By ANGELA THOMPSON, in Midtown, Manhattan, New York, 2am Tuesday
Halloween fell on an ordinary old Wednesday this year so Manhattan celebrated early on Saturday night, filling the streets with grisly spectacle.
In the bars of Soho the waiters painted their faces like skeletons and served beers to ghosts, vampires and monsters over counters covered in fake cobwebs.
The next morning ...
A severed plastic thumb abandoned on Second Avenue and some similarly ominous news delivered in a text message to this scribe, and thousands of other visitors booked on flights out of New York City over coming days: all the flights were cancelled.
Hurricane Sandy was coming and she would be a true fright. She would hit late on Monday and early Tuesday – Halloween eve. They started calling her Frankenstorm.
That severed thumb is likely floating somewhere in the Hudson River now, far from our blacked-out apartment on Second Avenue.

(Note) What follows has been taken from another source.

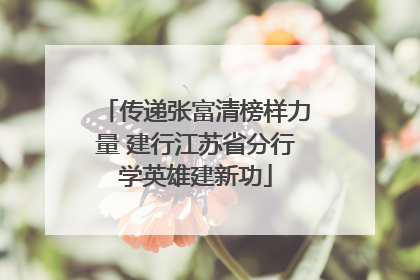 传递张富清榜样力量 建行江苏省分行学英雄建新功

The lights here went out several hours ago. A huddle of stickybeaks has formed out of the apartment’s exit, and cranes to inspect the progress of the power company workers further up the road. A blast of rainy wind sends them scurrying suddenly inside, filling the lobby with nervous laughter.
In such a built-up area, there are few trees to show the force of the wind: it is the street signs that bend and whip and make strange noises.
The streets and the hallways are wind tunnels now; acoustic chambers for the mysterious groans, squeaks and whistles whipped up by Mother Nature and the streetscape.
Some of the sounds are like screams but it is impossible to tell what is serious – a skylight about to buckle? Or a person?
The sirens are consistent, but then this is New York City.
With the storm about to hit, only about 20per cent of the restaurants opened on Tuesday and most of them closed by 3pm – usually the opening time for the office that sells cut-price theatre tickets to the hordes of visitors on Broadway.
The shows are all cancelled now. There will be no Jersey Boys this trip, no ice skating at Central Park, perhaps no visit to the Guggenheim. Battery Park – where the free Staten Island ferry departs – is under water. There may not even be time to shop for inexpensive shoes.
Instead, the precious, expensive holiday time has been spent in this dark little brown brick apartment, candle-lit and well stocked with chocolate and wine.
We bought our supplies late yesterday, helping to empty the supermarket shelves of bottled water, ignoring the obnoxious local who rolled her eyes and talked loudly to the checkout staff about people ‘‘freaking out’’.
All right for her – and for us, really. I wonder about the homeless man down on Houston Street. I passed him most days, but hadn’t seen more than his legs sticking out from under his tarpaulin. This morning I met his eyes for the first time, peeking out from under that pathetic shelter, only four hours from when the worst of Sandy hit.
From the apartment window the skyline shows a fat cedar water tank, perched on a metal frame, atop a 20-storey building. There are thousands of these tanks in the city, put there in case of fire and for everyday water supply. The tanks look like precarious targets for the wild wind.
But Second Avenue is quiet now. Perhaps this is the eye of the storm? There is no windswept TV reporter or World Wide Web to offer an answer. Another siren.
It was an adventure to go out in the start of the storm earlier today to see the boarded-up shops on Broadway, get soaking wet, and brunch on Ukrainian soul food at a bustling restaurant made busier by the closure of its neighbours.
But the darkness and the sirens and the sound of the street are unnerving. Australia seems a long way away.
The airport is certain to be chaotic. It is past midnight here now. Halloween tomorrow.